I got many answers, but I was unable to do (or was not sure about) the ones with stars next to them (#4, 7, 10, 12, 14, and 20). I'd really appreciate if someone explained them to me. Also, if someone has the time, and heart to look over my other answers and tell me if I'm correct or not, I'd be more than grateful.

Thanks for any help! :]

Thank you SO much.

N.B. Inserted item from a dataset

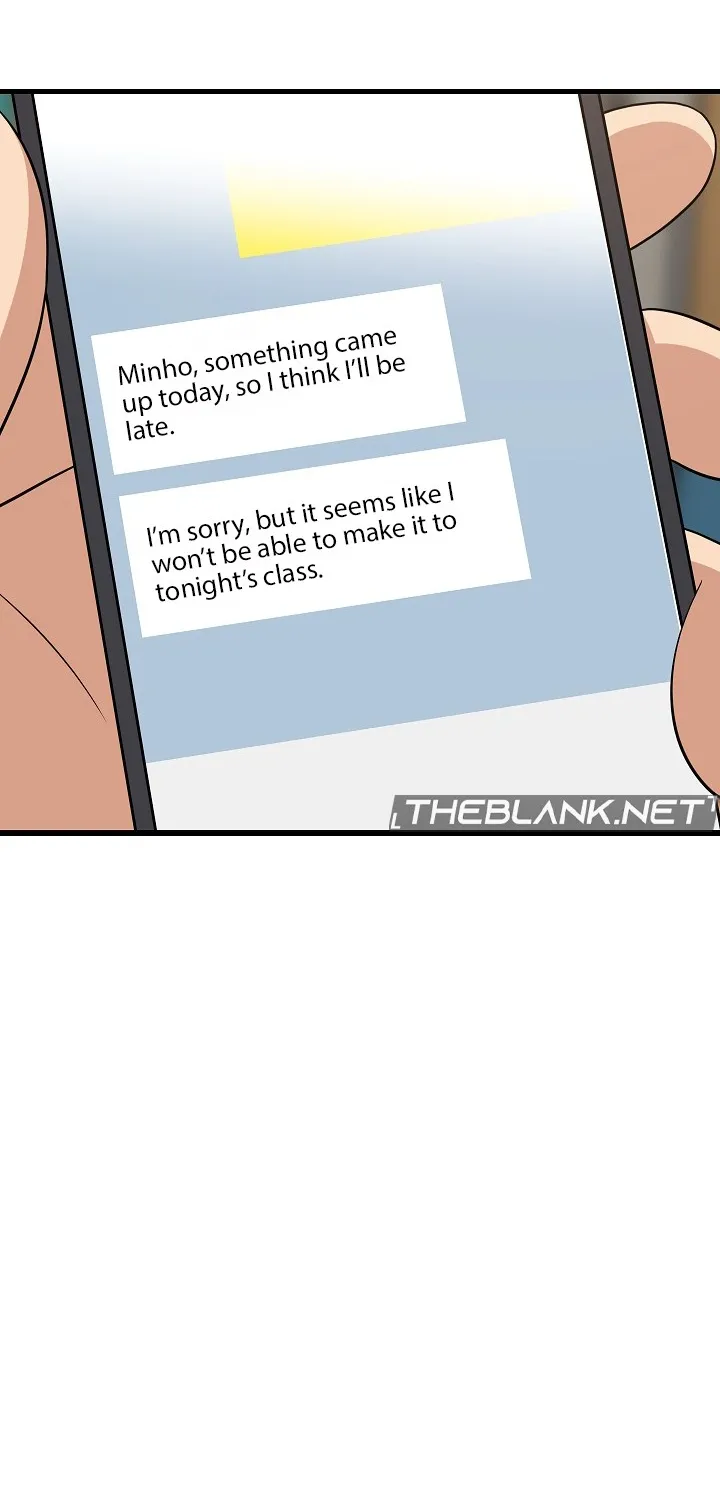 Read Study Buddies chapter 15 image 50 on Lezhin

Both of you are lifesavers.

Answer 1

In general a vector will have components in x, y, z and and any other number of dimensions. In this case we are dealing with x, y components.

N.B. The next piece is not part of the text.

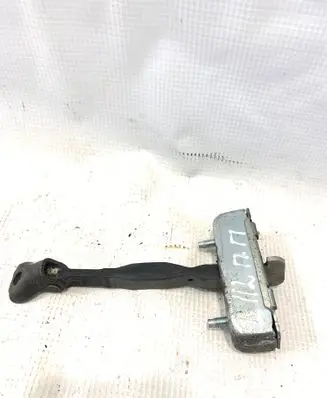 Toyota Corolla E120 E130 Front door check strap stopper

So we can state that a vector in two dimensions is
V= Vx i + Vy j where

Vx = V cos(Theta)
Vy =V sin(Theta)

Now we are ready for #4

Since V= 10 and Vx=6
cos(Theta)=Vx/V=
Theta= arcCos(Vx/V)=
Theta= arcCos(6/10)=53.1 degrees

#7

Fx1= 50, Fx2=-50
Fy1= 50, Fy2=-50

F(resultant)=[Summation of x components]i + [Summation of y components]j

Summation of x components = Fx1+Fx2= 50 - 50=0

Summation of y components = Fy1+Fy2= 50 - 50=0

Then F(resultant)= oi+0j=0

#10
We have to decompose the forces into component

Sum of Fx = 100 x cos (60) - 80 cos(75)=
Sum of Fx =50-20.7 =29.3 N
Sum of Fy = 100 x sin (60) + 80 sin(75)=
Sum of Fy = 86.6 + 77.3=163.9N

F= Fx i +Fy j

tan(Theta)= Fy/Fx
Theta = arcTan(Fy/Fx)
Theta= arcTan(163.9/29.3)=79.9 deg

F= sqrt(Fx^2 + Fy^2)
F= sqrt(29.3^2 + 163.9^2)
F=167 N

#12 since you and the other car are traveling in the same direction the relative to you the speed is the difference between these vectors

V(relative) = V1-V2= 45 - 65= -20 mi/h

Notice the - sign and it makes sense since to you it would appear to move in a negative x direction.

#14
Again we use the idea that the sum of all forces is zero

Sum(Fy)= Fy1 + Fy2 - mg=0
(we dont have to vorry about Fx since we have only one unknown)
also since F1=F2 we have

mg= 2Fy=2Fsin(37)
m= 2 F sin(37)/g
m= 2 x 75 x sin(37)/9.81
m= 9.2kg

#20

This is funny question
We know that the force of friction f is
f= uN= u mg cos(Theta) and

So when we increase the angle the angle Theta the normal decreases and so is the friction force.

It is definitely (a)

Let me know if you have any further questions.